The temperature time series for this area was also calculated from the NEWEx observations. All submissions within a 0.2°×0.2° latitude–longitude box centred on the coordinates of the URAO were identified. This region is marked by the black box in figure 1a. There were 15 submissions that provided temperature estimates in this region, although one was removed from further analysis as the participant provided only one temperature observation of 17°C at 0920, which was clearly an outlier. For each NEWEx observation time, the mean of the temperature estimates was calculated.
Figure 3a shows the NEWEx and URAO temperature observations. The comparison is demanding as, due to the layer of cloud present in the Reading area throughout the eclipse, the temperature variation was considerably suppressed over that expected in clear skies. Grey lines show the temperature time series for individual NEWEx submissions. Note that fewer than 14 submissions are visible, as the discrete nature of the submitted temperatures, and agreement between observers, means several lines overlap. The blue line shows the mean of the NEWEx submissions, where the error bars represent two standard errors of the mean. The black dots mark the 1 min mean URAO temperature time series, while the red line shows the 15 min running boxcar-window mean of these data.

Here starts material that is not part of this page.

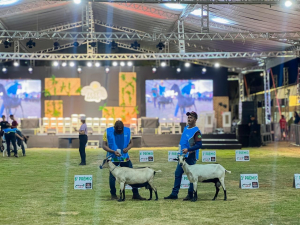 Whatsapp Image 2025 11 24 At 06.13.54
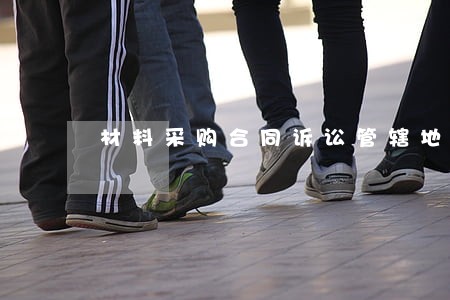 材料采购合同诉讼管辖地 材料采购合同诉讼管辖地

The mean NEWEx temperature series is biased to higher temperatures relative to the URAO series, although the URAO series typically lies within the lower limit of the two standard errors of the mean NEWEx temperature. The bias varies from a minimum of 0.5°C to a maximum of 1.5°C, with a mean value of 0.9°C. Although undesirable in absolute terms, the small bias is considered reasonable for the following reasons: firstly, it is unlikely that the NEWEx temperature observations were made in an environment as effectively exposed as URAO; secondly, it is unlikely that they were taken within an environment designed to minimize errors due to other environmental factors, such as that provided by the Stevenson screen at URAO. The overcast conditions in the Reading region (figure 6) mean that it is unlikely that a radiation error from direct solar heating accounts for much of this difference. Prior research into the differences between measurements of open air temperature and screen temperature demonstrates that for surface insolations of more than 500 W m−2 the temperature difference is rarely larger than 0.5°C . The URAO observations show that, due to heavily overcast conditions in the southern UK, global solar radiation at the surface was low throughout the morning, being less than 160 W m−2 until 1100 . Therefore, although NEWEx temperature observations are certainly subject to some radiation error, it is very unlikely that this explains much of the observed warm bias. However, it is possible that factors such as observers working in more sheltered and more urban environments, as well as possibly holding the thermometer, may explain this bias. Furthermore, the NEWEx temperature estimate is based on observations over the 0.2°×0.2° area centred on URAO, and the average temperature over this region should be expected to differ somewhat from a point measurement at URAO.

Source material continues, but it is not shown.